For this region, the stakes are specific. McKinsey’s 2025 research on the GCC shows that close to 90 percent of CEOs report using GenAI, above global averages. Yet only 11 percent are what McKinsey calls “value realizers”: organizations that have genuinely scaled AI and can attribute meaningful earnings to it. The gap between adoption and value creation is a readiness problem, and underneath the readiness problem is a human capital problem that no amount of software procurement resolves.
The cultural intelligence, relational depth, and contextual market knowledge that define competitive advantage in this part of the world cannot be generated by any model. They were built over decades. They are precisely what AI cannot replicate, and precisely what is most at risk in an undiscriminating adoption sprint.
Human-Centered AI Is Strategy, Not Philosophy
The phrase “human-centered AI” has acquired the texture of a values statement, the kind of language that appears in sustainability reports between carbon targets and inclusion metrics. It is neither. It is the only AI strategy that holds up structurally.

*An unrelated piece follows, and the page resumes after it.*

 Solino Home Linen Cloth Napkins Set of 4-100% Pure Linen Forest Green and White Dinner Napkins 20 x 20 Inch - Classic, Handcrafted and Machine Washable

The companies that will extract durable advantage from AI are not the ones with the most tools. They are the ones that use AI to do more of what only humans can do, not less. That means fixing the process before automating it. It means investing in the quality of human judgment before deploying the tools that will amplify it. It means treating creative culture, contextual expertise, and institutional knowledge not as costs to be optimized away, but as the moat that gives AI outputs their value in the first place.
AI amplifies whatever it finds. A company with sharp human judgment and strong creative culture, deploying AI, becomes exponentially more capable. A company with broken processes and atrophied thinking, deploying the same tools, becomes exponentially more broken, faster, and at lower cost.
The questions for every business leader in this region is what, exactly, is the AI going to amplify? Is what you have built worth amplifying? And what essential skills might be lost in the process?